Cabas also summarized the statewide airborne electromagnetic (AEM) acquisition program that will complete geophysical mapping of large portions of the High Plains Aquifer in three dimensions. He said AEM resistivity images combined with high‑quality well logs yield higher‑resolution lithology maps and reveal rugosity in the base of the Ogallala/High Plains aquifer and channel structures that materially change volumetric and flow models. KGS coordinated acquisition with a contractor (AGF) in Nebraska to reduce mobilization costs and expects to finish acquisition across targeted GMDs this year.

On the Dakota Aquifer, Cabas called it a complex, regionally variable auxiliary resource that in places supplies a meaningful share of freshwater; KGS is conducting a five‑year, federally supported study (about $500,000 per year from USGS) to drill calibration cores and map the Dakota’s distribution, salinity patterns and recharge behavior.
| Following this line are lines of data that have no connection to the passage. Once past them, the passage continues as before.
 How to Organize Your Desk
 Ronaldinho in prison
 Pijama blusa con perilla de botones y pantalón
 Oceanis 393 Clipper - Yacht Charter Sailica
Finally, KGS discussed reservoir sedimentation work including time‑lapse projections of Tuttle Creek infill, and geochemical tracer techniques (cesium and other markers) to identify sediment provenance, which KGS said can be used to tailor watershed‑scale interventions or in‑lake dredging strategies.

Committee members asked technical questions about log quality and access to oil and gas records; Cabas said KGS maintains extensive oil and gas well logs and driller logs, but water‑well log quality varies and ongoing training and data curation are needed. He said KGS will continue to make datasets available for numerical modeling and decision support and emphasized that while the Dakota is an important component, it is not a statewide substitute for High Plains resources.